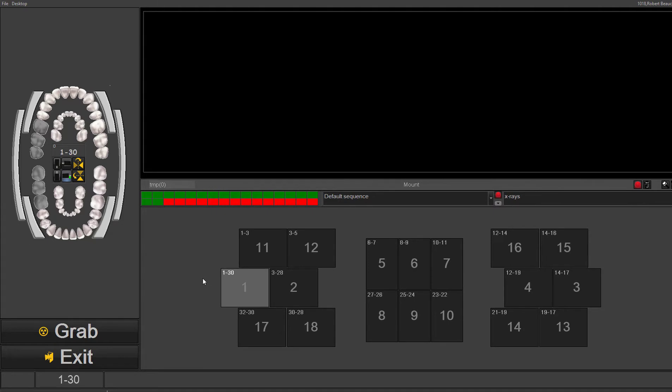Once here, the system will automatically use the default sequence. But what's great about the software is you can override the sequence at any time.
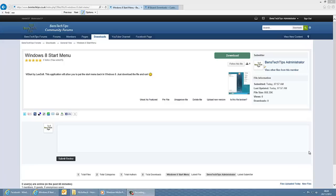Hello there guys, welcome to this video. In this video I'm going to be showing you how to put the Windows 8 Start button back using the Vistart software from LeeSoft.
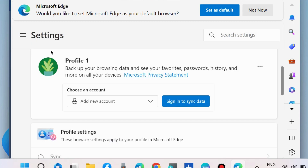Click on Update. Your Microsoft Edge browser profile picture is now updated and changed. That's all.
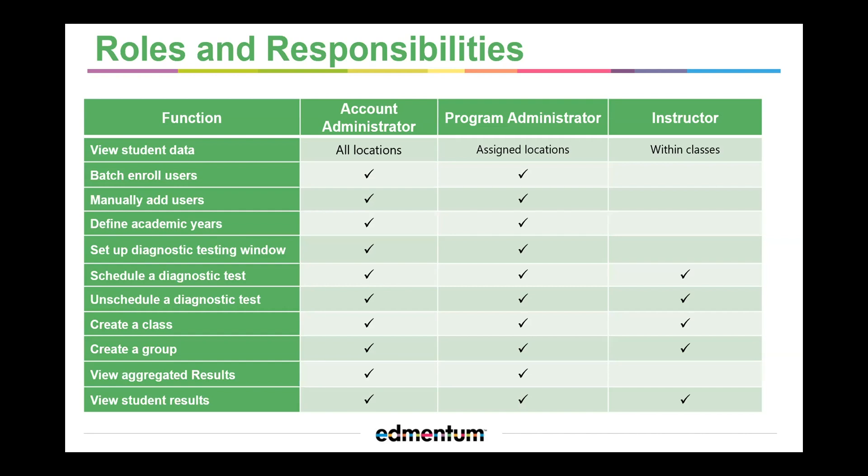The instructors can fully manage their classes, facilitate and monitor student learning, assign diagnostic assessments to learners, and create classes and groups.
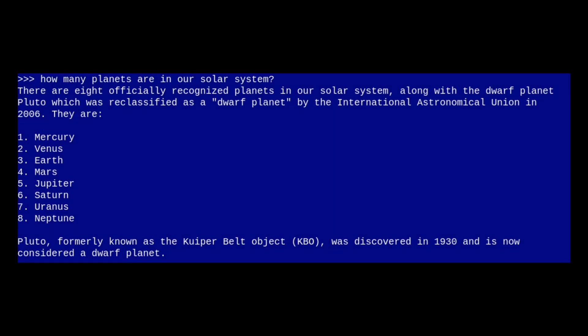I asked the AI how many planets are in our solar system. It went on to say there are eight officially recognized planets in the solar system, along with the dwarf planet Pluto which was reclassified in 2006, and then it lists them all correctly. It goes on to say Pluto, formerly known as a Kuiper Belt object, discovered in 1930, is now considered a dwarf planet. I did internet-search that — it is accurate. This was an educated answer versus some garbage that lesser AI put out before.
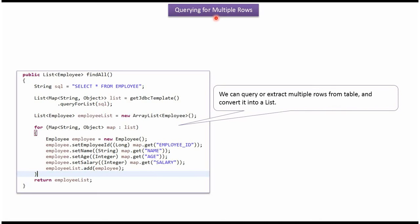This video tutorial will explain using Spring JDBC template how to query multiple rows from the database table. Using Spring JDBC template we can get multiple rows from the database table and convert it into a list.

--*--

Return all the material exactly, pictures excluded.

■ EXERCISE ANSWER
Once here, the system will automatically use the default sequence. But what's great about the software is you can override the sequence at any time.
Hello there guys, welcome to this video. In this video I'm going to be showing you how to put the Windows 8 Start button back using the Vistart software from LeeSoft.
Click on Update. Your Microsoft Edge browser profile picture is now updated and changed. That's all.
The instructors can fully manage their classes, facilitate and monitor student learning, assign diagnostic assessments to learners, and create classes and groups.
I asked the AI how many planets are in our solar system. It went on to say there are eight officially recognized planets in the solar system, along with the dwarf planet Pluto which was reclassified in 2006, and then it lists them all correctly. It goes on to say Pluto, formerly known as a Kuiper Belt object, discovered in 1930, is now considered a dwarf planet. I did internet-search that — it is accurate. This was an educated answer versus some garbage that lesser AI put out before.
This video tutorial will explain using Spring JDBC template how to query multiple rows from the database table. Using Spring JDBC template we can get multiple rows from the database table and convert it into a list.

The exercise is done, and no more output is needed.